▶ RECORDS SHOWN:
+++

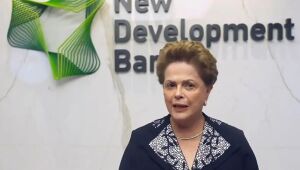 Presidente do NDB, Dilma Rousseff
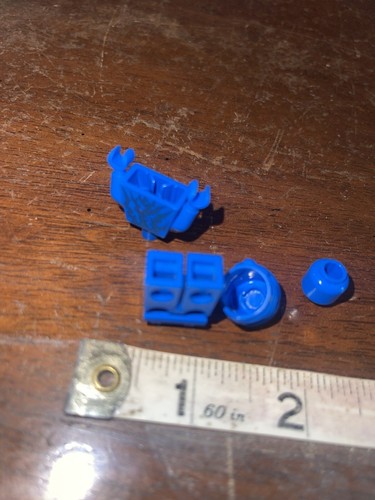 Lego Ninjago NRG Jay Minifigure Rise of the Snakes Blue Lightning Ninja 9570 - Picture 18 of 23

+++

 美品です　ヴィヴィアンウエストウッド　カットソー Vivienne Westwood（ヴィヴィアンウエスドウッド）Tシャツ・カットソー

+++

▶ WHAT IS BEING ASKED:
The material above holds pictures; leave them out. Repeat exactly the lines from the one containing "Presidente do NDB, Dilma Rousseff" through the one containing "Lego Ninjago NRG", and nothing else.

▶ ANSWER:
 Presidente do NDB, Dilma Rousseff
 Lego Ninjago NRG Jay Minifigure Rise of the Snakes Blue Lightning Ninja 9570 - Picture 18 of 23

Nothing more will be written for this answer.